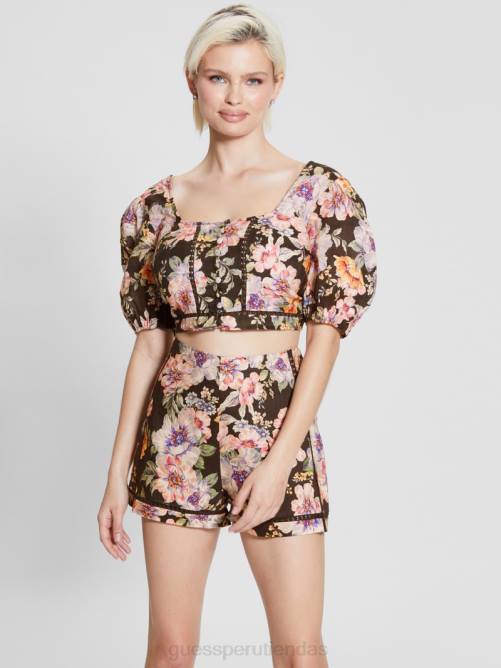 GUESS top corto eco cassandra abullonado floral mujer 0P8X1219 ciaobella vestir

...

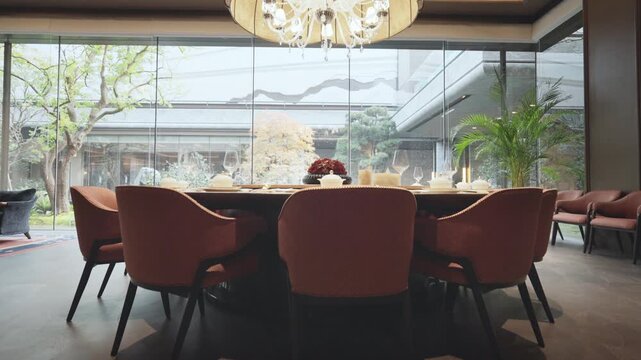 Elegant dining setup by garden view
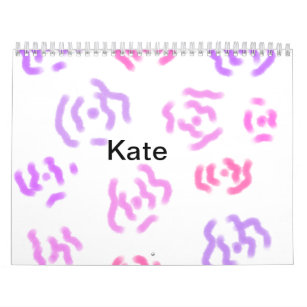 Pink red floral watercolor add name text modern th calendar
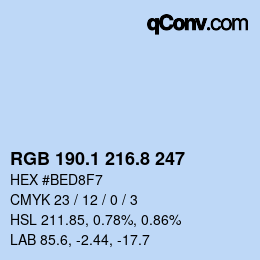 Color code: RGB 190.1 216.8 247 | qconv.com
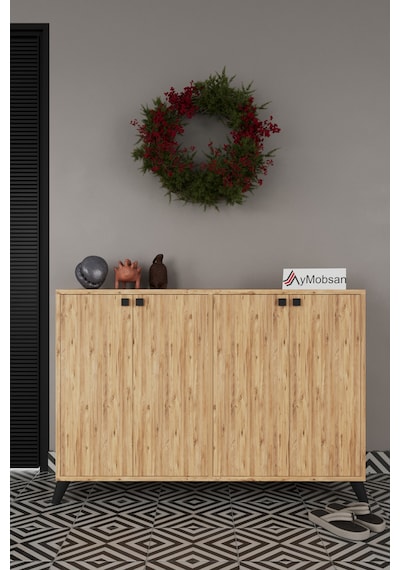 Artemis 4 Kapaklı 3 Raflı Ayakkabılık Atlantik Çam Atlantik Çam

---

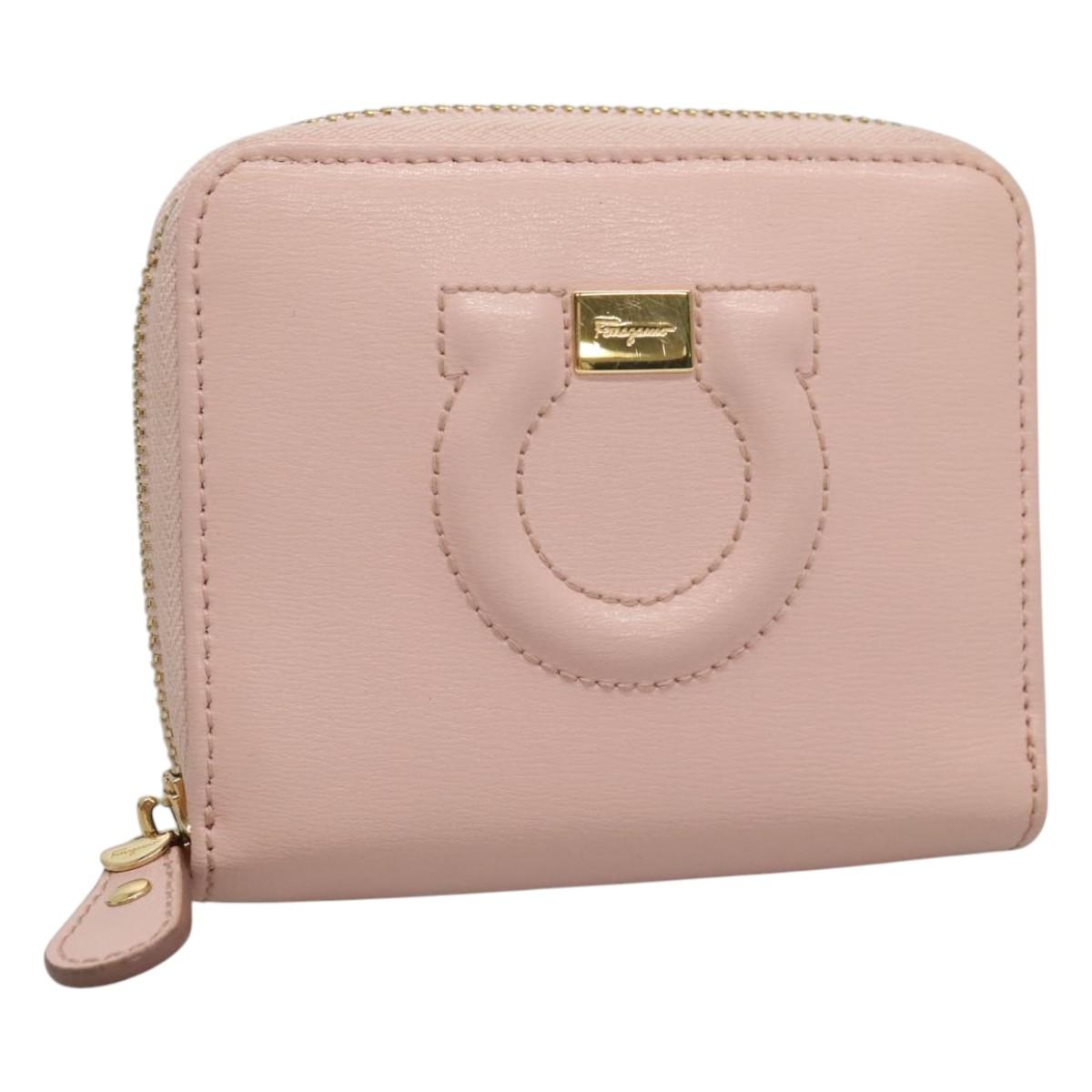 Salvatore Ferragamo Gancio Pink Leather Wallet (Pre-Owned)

* REQUIRED WORK *
Beginning with the line above that contains "Pink red floral" and finishing with the line that contains "Artemis 4 Kapaklı", print those lines exactly and only. Skip all pictures.

* EXPECTED ANSWER *
 Pink red floral watercolor add name text modern th calendar
 Color code: RGB 190.1 216.8 247 | qconv.com
 Artemis 4 Kapaklı 3 Raflı Ayakkabılık Atlantik Çam Atlantik Çam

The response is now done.